The lines from the top of the listing through the one containing "408 Joseph Street" are to be retyped exactly, with no other lines.
··· MATERIAL PROVIDED ···
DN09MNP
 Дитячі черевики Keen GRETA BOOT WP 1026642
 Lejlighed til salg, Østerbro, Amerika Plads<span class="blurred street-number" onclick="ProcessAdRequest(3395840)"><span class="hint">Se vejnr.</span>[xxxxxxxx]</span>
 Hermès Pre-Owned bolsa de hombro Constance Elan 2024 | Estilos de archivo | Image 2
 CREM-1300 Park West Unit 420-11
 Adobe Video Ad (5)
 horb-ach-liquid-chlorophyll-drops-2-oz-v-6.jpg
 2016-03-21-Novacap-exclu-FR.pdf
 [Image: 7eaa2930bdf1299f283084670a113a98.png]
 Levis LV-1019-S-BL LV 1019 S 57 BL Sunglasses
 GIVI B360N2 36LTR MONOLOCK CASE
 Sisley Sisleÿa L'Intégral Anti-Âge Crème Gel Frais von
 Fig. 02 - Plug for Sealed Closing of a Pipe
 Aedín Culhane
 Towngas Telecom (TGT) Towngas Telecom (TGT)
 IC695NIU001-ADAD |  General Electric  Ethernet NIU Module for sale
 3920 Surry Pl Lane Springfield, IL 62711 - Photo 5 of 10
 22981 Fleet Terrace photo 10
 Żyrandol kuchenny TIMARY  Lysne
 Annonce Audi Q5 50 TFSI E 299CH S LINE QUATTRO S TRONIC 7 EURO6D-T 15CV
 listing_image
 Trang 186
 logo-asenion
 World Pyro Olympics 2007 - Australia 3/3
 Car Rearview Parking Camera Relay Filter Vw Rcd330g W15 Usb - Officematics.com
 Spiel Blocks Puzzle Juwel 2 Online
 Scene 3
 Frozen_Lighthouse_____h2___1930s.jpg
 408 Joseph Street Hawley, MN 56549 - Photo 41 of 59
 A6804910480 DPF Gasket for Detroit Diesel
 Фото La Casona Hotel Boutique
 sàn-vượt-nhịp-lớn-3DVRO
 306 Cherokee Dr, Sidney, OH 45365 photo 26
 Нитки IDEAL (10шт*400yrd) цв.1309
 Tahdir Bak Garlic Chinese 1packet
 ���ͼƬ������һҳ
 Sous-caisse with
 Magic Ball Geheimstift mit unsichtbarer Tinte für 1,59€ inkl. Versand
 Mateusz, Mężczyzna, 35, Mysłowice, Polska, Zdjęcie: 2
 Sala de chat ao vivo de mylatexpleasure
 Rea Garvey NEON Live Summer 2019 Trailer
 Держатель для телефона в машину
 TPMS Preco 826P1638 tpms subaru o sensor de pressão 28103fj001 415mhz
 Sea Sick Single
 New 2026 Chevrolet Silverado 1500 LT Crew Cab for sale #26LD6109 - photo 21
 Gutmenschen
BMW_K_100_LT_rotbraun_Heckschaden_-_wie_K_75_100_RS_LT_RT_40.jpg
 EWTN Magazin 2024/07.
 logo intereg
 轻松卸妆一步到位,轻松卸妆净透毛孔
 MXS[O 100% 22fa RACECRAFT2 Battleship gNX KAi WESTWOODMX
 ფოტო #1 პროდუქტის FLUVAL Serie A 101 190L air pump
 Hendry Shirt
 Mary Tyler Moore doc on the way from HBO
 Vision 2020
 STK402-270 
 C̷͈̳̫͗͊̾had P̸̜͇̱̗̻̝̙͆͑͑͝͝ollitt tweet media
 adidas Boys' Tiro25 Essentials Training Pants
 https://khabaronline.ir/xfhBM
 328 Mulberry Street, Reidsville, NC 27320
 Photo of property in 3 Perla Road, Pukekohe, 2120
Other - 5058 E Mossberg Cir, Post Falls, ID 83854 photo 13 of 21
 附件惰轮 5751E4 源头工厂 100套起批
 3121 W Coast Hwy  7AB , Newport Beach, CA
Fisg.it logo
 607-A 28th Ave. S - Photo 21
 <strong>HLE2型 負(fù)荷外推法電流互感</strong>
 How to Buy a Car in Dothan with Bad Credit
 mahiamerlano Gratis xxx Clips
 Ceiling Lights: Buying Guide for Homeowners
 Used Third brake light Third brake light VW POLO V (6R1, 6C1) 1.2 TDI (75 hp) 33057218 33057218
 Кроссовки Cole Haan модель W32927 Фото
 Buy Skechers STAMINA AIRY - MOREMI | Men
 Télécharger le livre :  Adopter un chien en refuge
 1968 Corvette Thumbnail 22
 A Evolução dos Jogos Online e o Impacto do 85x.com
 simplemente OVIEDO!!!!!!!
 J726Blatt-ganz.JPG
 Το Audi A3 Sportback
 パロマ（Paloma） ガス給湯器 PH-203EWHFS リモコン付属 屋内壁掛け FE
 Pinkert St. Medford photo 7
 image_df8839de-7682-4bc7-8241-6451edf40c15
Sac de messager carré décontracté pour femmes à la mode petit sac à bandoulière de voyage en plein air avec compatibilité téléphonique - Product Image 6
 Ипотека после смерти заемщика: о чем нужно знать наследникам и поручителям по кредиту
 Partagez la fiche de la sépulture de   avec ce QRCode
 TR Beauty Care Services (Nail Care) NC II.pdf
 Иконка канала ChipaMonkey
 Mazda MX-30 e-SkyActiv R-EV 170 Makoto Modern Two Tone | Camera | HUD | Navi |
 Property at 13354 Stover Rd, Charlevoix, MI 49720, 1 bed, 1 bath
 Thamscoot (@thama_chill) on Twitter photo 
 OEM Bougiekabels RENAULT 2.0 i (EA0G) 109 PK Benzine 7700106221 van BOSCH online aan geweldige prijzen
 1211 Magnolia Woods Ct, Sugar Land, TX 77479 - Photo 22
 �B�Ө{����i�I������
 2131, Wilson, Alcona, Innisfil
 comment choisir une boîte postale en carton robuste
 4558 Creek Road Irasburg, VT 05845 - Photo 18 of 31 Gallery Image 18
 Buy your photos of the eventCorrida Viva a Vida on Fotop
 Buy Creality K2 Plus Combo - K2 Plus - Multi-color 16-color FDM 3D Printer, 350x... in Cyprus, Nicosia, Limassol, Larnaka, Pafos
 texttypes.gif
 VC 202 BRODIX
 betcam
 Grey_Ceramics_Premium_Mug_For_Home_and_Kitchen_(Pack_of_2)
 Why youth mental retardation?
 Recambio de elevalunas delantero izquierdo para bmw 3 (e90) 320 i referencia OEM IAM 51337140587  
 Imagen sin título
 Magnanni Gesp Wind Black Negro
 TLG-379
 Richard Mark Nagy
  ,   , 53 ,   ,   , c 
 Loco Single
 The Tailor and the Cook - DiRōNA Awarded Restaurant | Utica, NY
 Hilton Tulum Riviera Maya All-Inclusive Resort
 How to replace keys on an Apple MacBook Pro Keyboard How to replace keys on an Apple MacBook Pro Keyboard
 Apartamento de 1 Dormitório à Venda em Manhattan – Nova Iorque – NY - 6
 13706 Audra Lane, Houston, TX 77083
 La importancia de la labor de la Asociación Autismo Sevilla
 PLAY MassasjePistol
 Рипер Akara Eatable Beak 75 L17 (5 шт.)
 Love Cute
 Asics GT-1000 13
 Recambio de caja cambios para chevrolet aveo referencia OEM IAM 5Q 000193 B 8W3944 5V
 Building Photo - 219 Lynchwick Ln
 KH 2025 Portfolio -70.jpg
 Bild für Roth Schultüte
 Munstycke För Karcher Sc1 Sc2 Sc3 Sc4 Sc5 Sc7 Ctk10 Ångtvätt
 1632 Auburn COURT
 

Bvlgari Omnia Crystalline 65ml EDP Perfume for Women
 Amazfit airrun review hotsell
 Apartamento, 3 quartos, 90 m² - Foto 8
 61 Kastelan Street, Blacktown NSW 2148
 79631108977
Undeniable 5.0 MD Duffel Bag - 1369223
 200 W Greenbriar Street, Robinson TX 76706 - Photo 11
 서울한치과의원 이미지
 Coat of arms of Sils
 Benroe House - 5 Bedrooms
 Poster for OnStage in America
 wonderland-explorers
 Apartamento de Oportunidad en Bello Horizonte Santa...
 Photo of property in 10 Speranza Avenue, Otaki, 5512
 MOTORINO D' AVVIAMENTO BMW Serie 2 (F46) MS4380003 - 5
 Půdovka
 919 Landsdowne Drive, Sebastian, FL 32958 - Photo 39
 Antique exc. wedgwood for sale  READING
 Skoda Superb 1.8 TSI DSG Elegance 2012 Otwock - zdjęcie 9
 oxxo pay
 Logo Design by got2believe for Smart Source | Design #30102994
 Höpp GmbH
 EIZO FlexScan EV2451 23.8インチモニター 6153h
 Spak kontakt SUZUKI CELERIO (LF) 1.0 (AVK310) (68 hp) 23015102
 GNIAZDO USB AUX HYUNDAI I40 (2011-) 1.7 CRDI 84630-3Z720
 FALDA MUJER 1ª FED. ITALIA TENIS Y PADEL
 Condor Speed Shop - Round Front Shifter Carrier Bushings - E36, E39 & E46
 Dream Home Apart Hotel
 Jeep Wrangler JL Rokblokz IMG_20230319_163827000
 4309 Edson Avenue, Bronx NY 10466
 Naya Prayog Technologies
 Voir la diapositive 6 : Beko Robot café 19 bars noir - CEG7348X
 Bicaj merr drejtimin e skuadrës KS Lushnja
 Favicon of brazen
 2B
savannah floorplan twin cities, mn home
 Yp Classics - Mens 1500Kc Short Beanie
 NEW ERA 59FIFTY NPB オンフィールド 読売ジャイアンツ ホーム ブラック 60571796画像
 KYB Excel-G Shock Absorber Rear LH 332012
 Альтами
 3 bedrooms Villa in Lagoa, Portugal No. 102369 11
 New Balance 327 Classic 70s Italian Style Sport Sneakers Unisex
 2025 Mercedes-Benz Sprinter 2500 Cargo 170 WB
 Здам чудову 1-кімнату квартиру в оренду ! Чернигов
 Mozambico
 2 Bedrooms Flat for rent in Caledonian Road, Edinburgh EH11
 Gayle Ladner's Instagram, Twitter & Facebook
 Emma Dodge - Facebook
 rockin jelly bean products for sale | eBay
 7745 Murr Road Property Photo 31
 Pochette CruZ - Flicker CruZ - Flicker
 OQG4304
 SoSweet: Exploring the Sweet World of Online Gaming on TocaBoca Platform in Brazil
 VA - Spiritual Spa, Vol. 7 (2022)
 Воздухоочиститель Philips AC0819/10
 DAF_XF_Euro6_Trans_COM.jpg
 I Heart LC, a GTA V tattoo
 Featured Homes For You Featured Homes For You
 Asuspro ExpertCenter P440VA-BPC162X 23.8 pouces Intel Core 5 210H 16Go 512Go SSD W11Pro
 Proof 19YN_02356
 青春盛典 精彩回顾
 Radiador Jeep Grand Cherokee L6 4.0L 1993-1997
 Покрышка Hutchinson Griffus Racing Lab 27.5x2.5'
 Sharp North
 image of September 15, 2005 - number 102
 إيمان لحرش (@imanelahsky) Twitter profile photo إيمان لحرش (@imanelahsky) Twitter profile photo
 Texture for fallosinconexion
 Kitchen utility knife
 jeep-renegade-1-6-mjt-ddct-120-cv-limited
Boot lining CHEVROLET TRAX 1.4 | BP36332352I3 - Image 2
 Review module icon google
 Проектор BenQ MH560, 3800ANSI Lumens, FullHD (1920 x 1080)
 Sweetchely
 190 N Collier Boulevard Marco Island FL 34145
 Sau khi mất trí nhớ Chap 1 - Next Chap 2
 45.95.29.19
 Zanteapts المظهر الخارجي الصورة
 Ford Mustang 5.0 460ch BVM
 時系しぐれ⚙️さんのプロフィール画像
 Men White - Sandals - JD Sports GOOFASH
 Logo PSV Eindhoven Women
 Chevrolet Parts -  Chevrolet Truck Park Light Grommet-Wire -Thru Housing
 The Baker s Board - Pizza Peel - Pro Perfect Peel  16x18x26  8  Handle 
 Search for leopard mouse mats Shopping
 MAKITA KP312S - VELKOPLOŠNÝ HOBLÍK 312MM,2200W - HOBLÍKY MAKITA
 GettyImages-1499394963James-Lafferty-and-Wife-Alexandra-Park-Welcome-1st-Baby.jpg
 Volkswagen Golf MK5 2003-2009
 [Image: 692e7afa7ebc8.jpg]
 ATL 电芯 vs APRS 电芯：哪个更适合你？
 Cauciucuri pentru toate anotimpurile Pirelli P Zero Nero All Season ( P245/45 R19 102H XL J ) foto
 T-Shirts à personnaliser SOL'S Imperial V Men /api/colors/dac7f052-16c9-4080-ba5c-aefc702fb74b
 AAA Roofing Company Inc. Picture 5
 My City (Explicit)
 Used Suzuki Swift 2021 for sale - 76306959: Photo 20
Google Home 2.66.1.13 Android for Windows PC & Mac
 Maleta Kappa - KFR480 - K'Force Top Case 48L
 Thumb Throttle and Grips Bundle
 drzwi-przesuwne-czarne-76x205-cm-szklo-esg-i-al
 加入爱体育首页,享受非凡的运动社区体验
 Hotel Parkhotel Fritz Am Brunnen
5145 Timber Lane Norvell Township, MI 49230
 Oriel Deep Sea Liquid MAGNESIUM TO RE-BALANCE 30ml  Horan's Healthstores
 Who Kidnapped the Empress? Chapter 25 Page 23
···
▶ **RESPONSE AREA**
DN09MNP
 Дитячі черевики Keen GRETA BOOT WP 1026642
 Lejlighed til salg, Østerbro, Amerika Plads<span class="blurred street-number" onclick="ProcessAdRequest(3395840)"><span class="hint">Se vejnr.</span>[xxxxxxxx]</span>
 Hermès Pre-Owned bolsa de hombro Constance Elan 2024 | Estilos de archivo | Image 2
 CREM-1300 Park West Unit 420-11
 Adobe Video Ad (5)
 horb-ach-liquid-chlorophyll-drops-2-oz-v-6.jpg
 2016-03-21-Novacap-exclu-FR.pdf
 [Image: 7eaa2930bdf1299f283084670a113a98.png]
 Levis LV-1019-S-BL LV 1019 S 57 BL Sunglasses
 GIVI B360N2 36LTR MONOLOCK CASE
 Sisley Sisleÿa L'Intégral Anti-Âge Crème Gel Frais von
 Fig. 02 - Plug for Sealed Closing of a Pipe
 Aedín Culhane
 Towngas Telecom (TGT) Towngas Telecom (TGT)
 IC695NIU001-ADAD |  General Electric  Ethernet NIU Module for sale
 3920 Surry Pl Lane Springfield, IL 62711 - Photo 5 of 10
 22981 Fleet Terrace photo 10
 Żyrandol kuchenny TIMARY  Lysne
 Annonce Audi Q5 50 TFSI E 299CH S LINE QUATTRO S TRONIC 7 EURO6D-T 15CV
 listing_image
 Trang 186
 logo-asenion
 World Pyro Olympics 2007 - Australia 3/3
 Car Rearview Parking Camera Relay Filter Vw Rcd330g W15 Usb - Officematics.com
 Spiel Blocks Puzzle Juwel 2 Online
 Scene 3
 Frozen_Lighthouse_____h2___1930s.jpg
 408 Joseph Street Hawley, MN 56549 - Photo 41 of 59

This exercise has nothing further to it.